- The Japanese Yen appreciates as the US Dollar remains tepid ahead of the US labor data release on Friday.
- Japan’s Economy Minister Akazawa stated that the timing of any monetary policy changes is crucial
- Traders await Friday’s US employment data, including Nonfarm Payrolls (NFP) and Average Hourly Earnings, for further direction.
The Japanese Yen (JPY) retraces recent gains following comments from Japan’s ministers on Friday. Newly appointed Economy Minister Ryosei Akazawa stated that Prime Minister Shigeru Ishiba and the Bank of Japan (BoJ) both agree that overcoming deflation is Japan’s highest priority.
Economy Minister Akazawa added “No change to the interpretation of the government-Bank of Japan (BoJ) accord targeting 2% inflation.” The timing of monetary policy change is important and must align with Japan’s broader goal of exiting deflation.
Japan’s Chief Cabinet Secretary Yoshimasa Hayashi announced on Friday that Prime Minister Ishiba has directed the creation of a comprehensive economic package. Hayashi also mentioned that he plans to present a supplementary budget to Parliament following the lower house election.
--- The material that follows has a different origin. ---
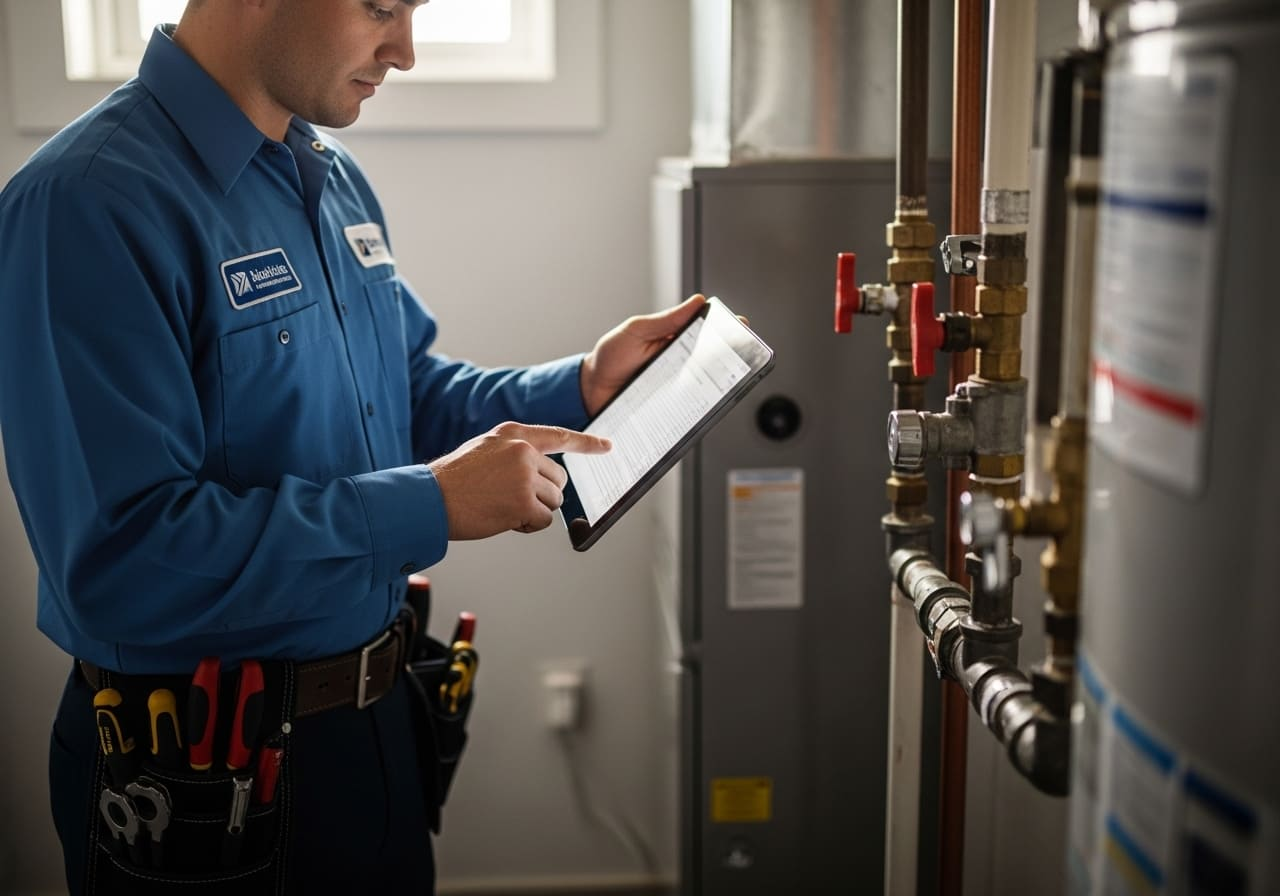 Gas Line Installation & Repair in Fairfield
However, the downside of the USD/JPY pair could be limited as the Japanese Yen may struggle due to the waning likelihood of further rate hikes by the Bank of Japan. Newly elected PM Ishiba stated on Wednesday, “I do not believe that we are in an environment that would require us to raise interest rates further,” according to Reuters.
Daily Digest Market Movers: Japanese Yen receives downward pressure from dovish mood surrounding the BoJ
- The US Dollar (USD) gained strength following a better-than-expected US ISM Services PMI and ADP Employment Change reports, which challenged dovish expectations for Federal Reserve (Fed) monetary policy.
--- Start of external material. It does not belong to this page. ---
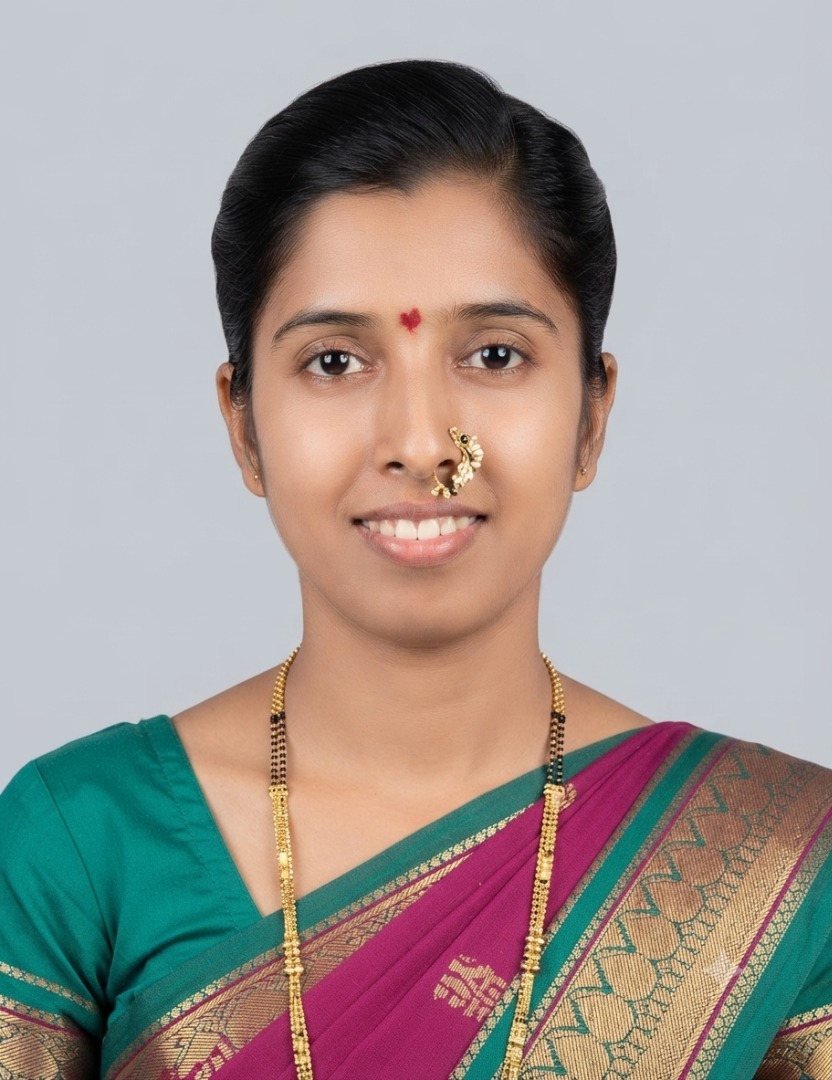 sharaddha bhoble - Part time Cook and Baby Sitter in nalllasopara east in Mumbai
- The CME FedWatch Tool indicates that markets are assigning a 67.4% probability to a 25 basis point rate cut by the Federal Reserve in November, while the likelihood of a 50-basis-point cut is 32.6%, down from 35.2% a day ago.
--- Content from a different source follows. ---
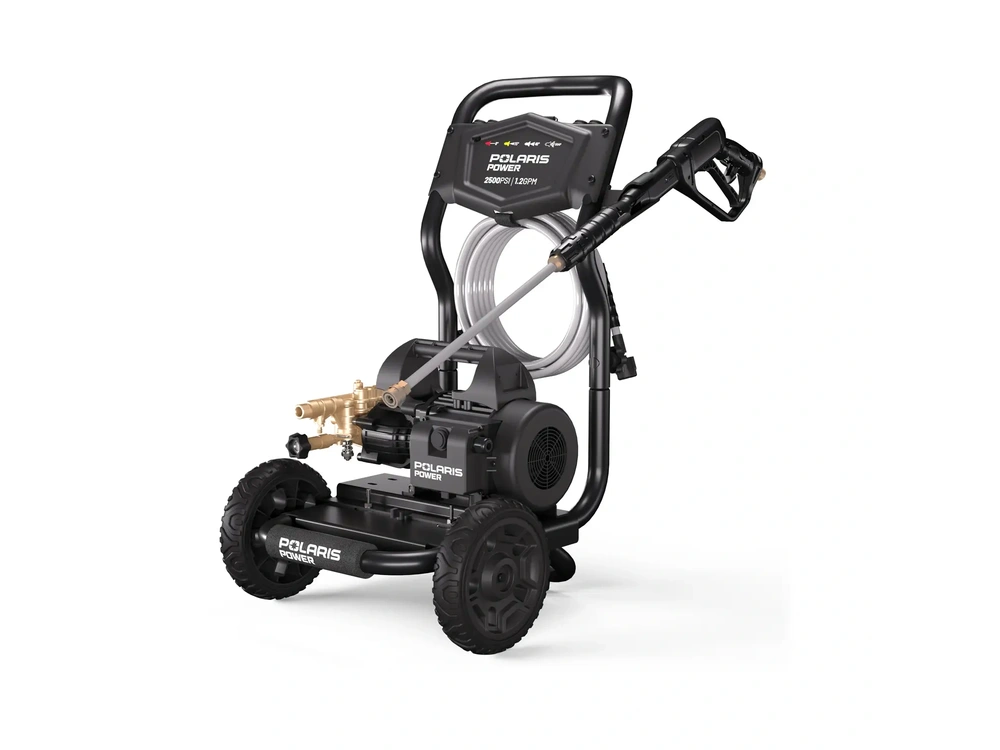 None Polaris Electric Pressure Washer 2500 Psi alt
- Federal Reserve Bank of Chicago President Austan Goolsbee reiterated on Thursday that the interest rates need to come down over the next year by “a lot.” Goolsbee further stated that he’d like to keep the unemployment rate at 4.2% and prevent it from rising any further.
- US ISM Services PMI rose to 54.9 in September, from 51.5 in August and exceeding the market forecast of 51.7. Meanwhile, the Services Prices Paid Index, a key inflation indicator, climbed to 59.4 from 57.3.
- Futures indicated less than a 50% likelihood of the Bank of Japan raising rates by 10 basis points by the end of 2024. Additionally, rates are projected to reach only 0.5% by the end of next year, up from the current 0.25%, per Reuters.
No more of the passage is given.